The tidings of the Regent's abdication was received with dismay throughout the Provinces. If there had been evils in her administration, they were forgotten in the atrocities which they foresaw would follow on the appointment of the Duke of Alva. Addresses poured in upon Margaret from every quarter, and more than one of the Provinces showed their good-will by liberal gifts. Cheered by these signs of interest, Margaret wrote a farewell letter to the Estates in December 1567, and a few days later she left the country whose indomitable spirit she had failed to crush.

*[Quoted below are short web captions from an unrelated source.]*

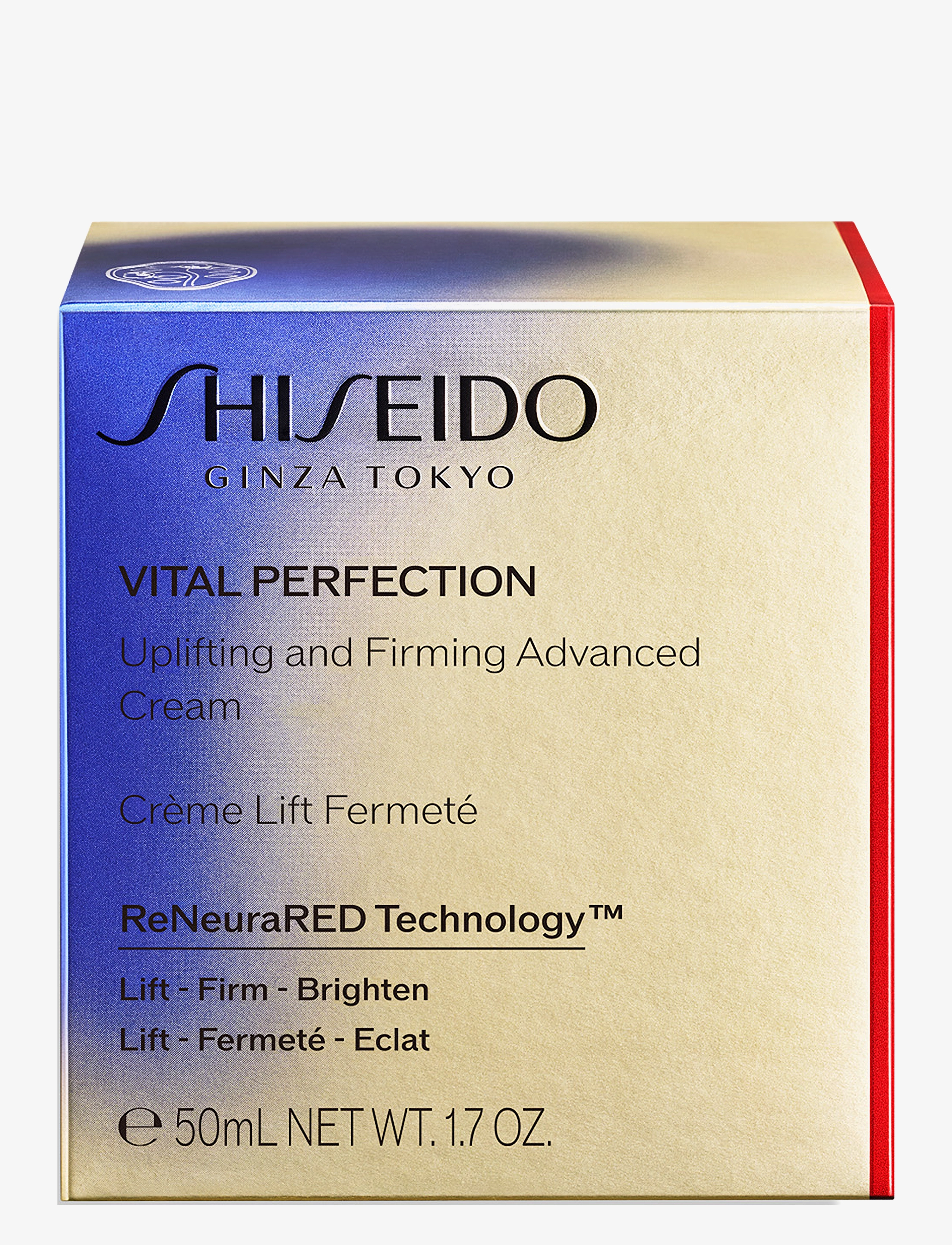 Shiseido - Vital Perfection Advanced Cream - kosteusvoiteet - clear - 3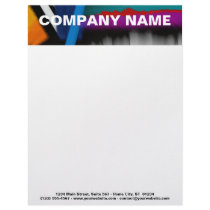 Customizable Letterheads - Strategic Upswing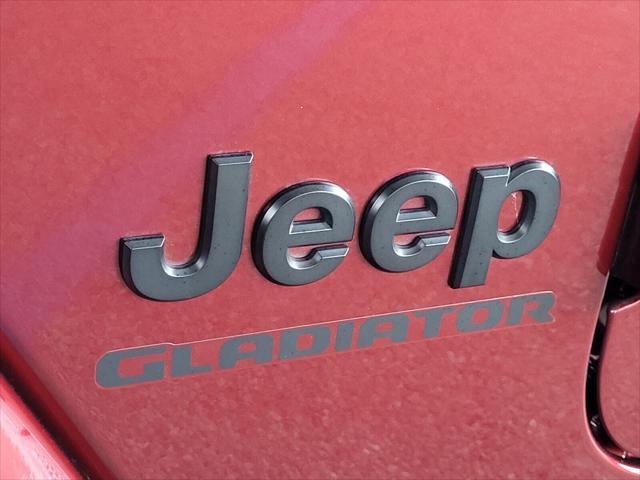 used 2021 Jeep Gladiator car, priced at $32,385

Alva was now in supreme command of the Netherlands, with authority as great as had the King himself. And this authority he was prepared to use. The disguise he had deemed necessary until the arrest of the nobles was accomplished might now be thrown aside. He would take no further trouble to hide his cruel purposes.
Already in September Alva had created a tribunal before which his prisoners might be tried without delay. Originally called "The Council of his Excellency," its name was soon changed to "The Council of Tumults," though it was popularly known throughout the country as "The Council of Blood." This tribunal, though provided with no charter by the King, exercised authority greater than that even of the Council of State. Yet it was in reality only an informal club, of which the Governor-General was perpetual president, while all the other members were appointed by himself. Two members, Vargas and Del Rio, alone had the privilege of voting. They were both Spaniards, and Alva could have found no more suitable tools than these with which to carry out his designs.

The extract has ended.